Maximilian Zinnbauer vom Thünen-Institut gab zu bedenken, dass die Gründe für Nitratbelastungen von Grundwasser vielfältig seien. Neben menschlichen Ursachen würden derartige Belastungen in starkem Maße auch von hydrogeologischen und klimatischen Begebenheiten beeinflusst. Inwiefern frei im Boden vorliegende Stickstoffmengen in das Grundwasser gelangen könnten, hinge nicht nur von der betriebenen Landwirtschaft, sondern auch vom jeweiligen Standort ab. Aufgrund von Abbauprozessen und klimatisch bedingten Verdünnungseffekten könnten daher gleiche Emissionsmengen an unterschiedlichen Standorten zu unterschiedlichen Nitratkonzentrationen im Sickerwasser führen. Eine Gesamtbeurteilung müsse laut Zinnbauer daher unbedingt in Abhängigkeit vom Standort erfolgen.

Dr. rer. nat. Kai Zosseder, vom Lehrstuhl für Hydrogeologie der Technischen Universität München kritisierte die, "in den letzten Jahren erfolgten Personalreduzierung in der Verwaltung", worunter auch die Genehmigungspraxis in allen wasserwirtschaftlichen Fragen leide.
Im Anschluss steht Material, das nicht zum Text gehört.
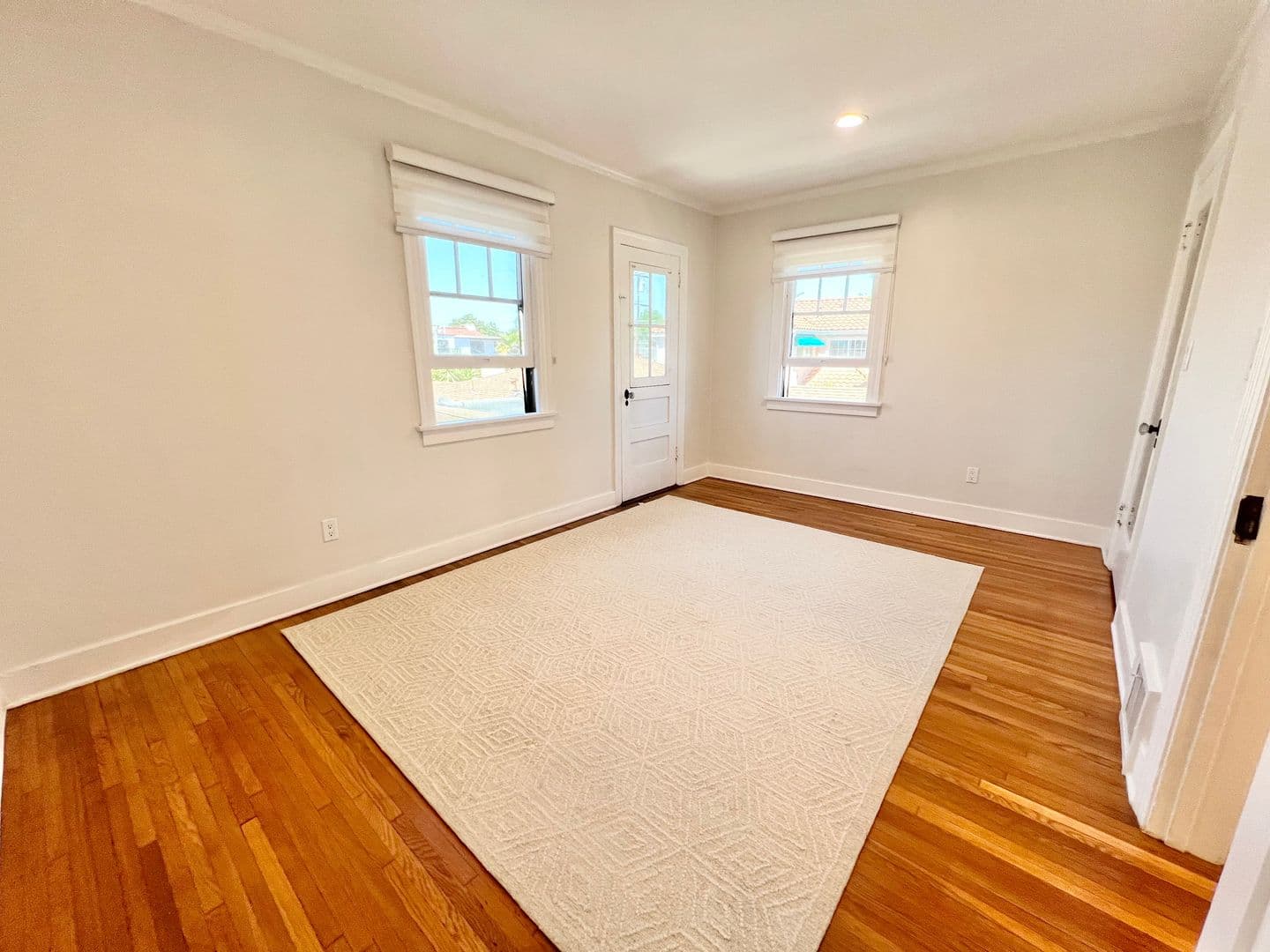 Long Beach Apartment: 4303 E 3rd St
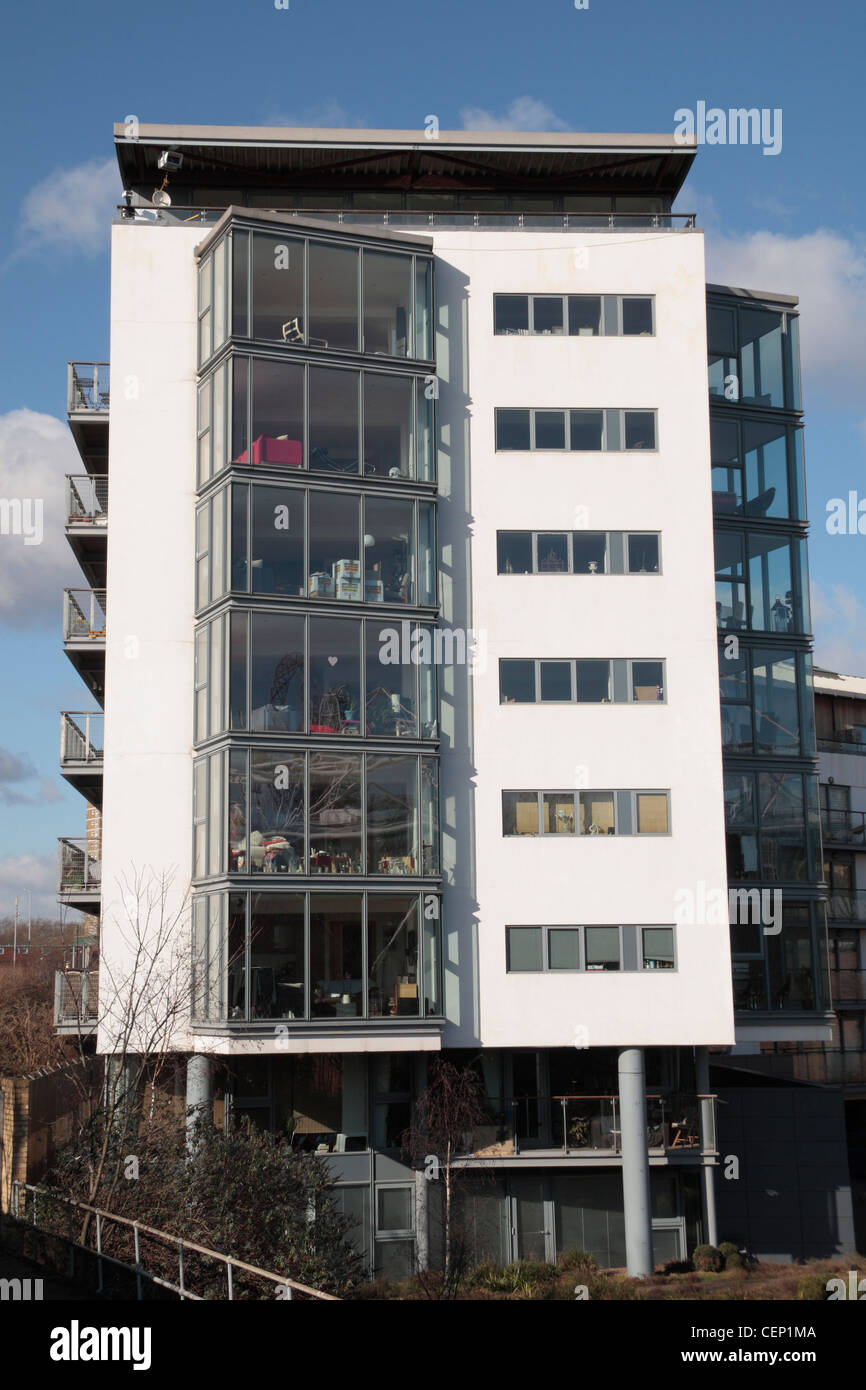 Moderno a più piani di appartamenti con grandi finestre balcone, la più vicina appartamenti al 2012 Olympic Stadium, Stratford, East London, Regno Unito. Foto Stock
Das wichtige Zukunftsthema Grundwasser müsse auch von Seiten der Verwaltung und der Genehmigungspraxis mit "genügend und fachlich hoch qualifizierten Mitarbeitern ausgestattet" sein. Zudem sprach sich Zosseder für ein künftig erweitertes Grundlagenforschungs- und Monitoring-Programm, das wichtige Zukunftsthemen im Grundwasserbereich in den Fokus nehmen solle.

Unterschiedliche Schwerpunkte und Perspektiven bei den Abgeordneten

In der anschließenden Diskussion sagte Patrick Friedl (BÜNDNIS 90 / DIE GRÜNEN), dass der "Bayerische Weg beim Trinkwasserschutz aufgrund einer falschen Agrarpolitik gescheitert" sei. Die Pestizid- und Nitratrückstände im Wasser seien nach wie vor zu hoch. Darüber hinaus seien laut Friedl auch die Beiträge durch Quellen wie z.B. Verkehr zu berücksichtigen.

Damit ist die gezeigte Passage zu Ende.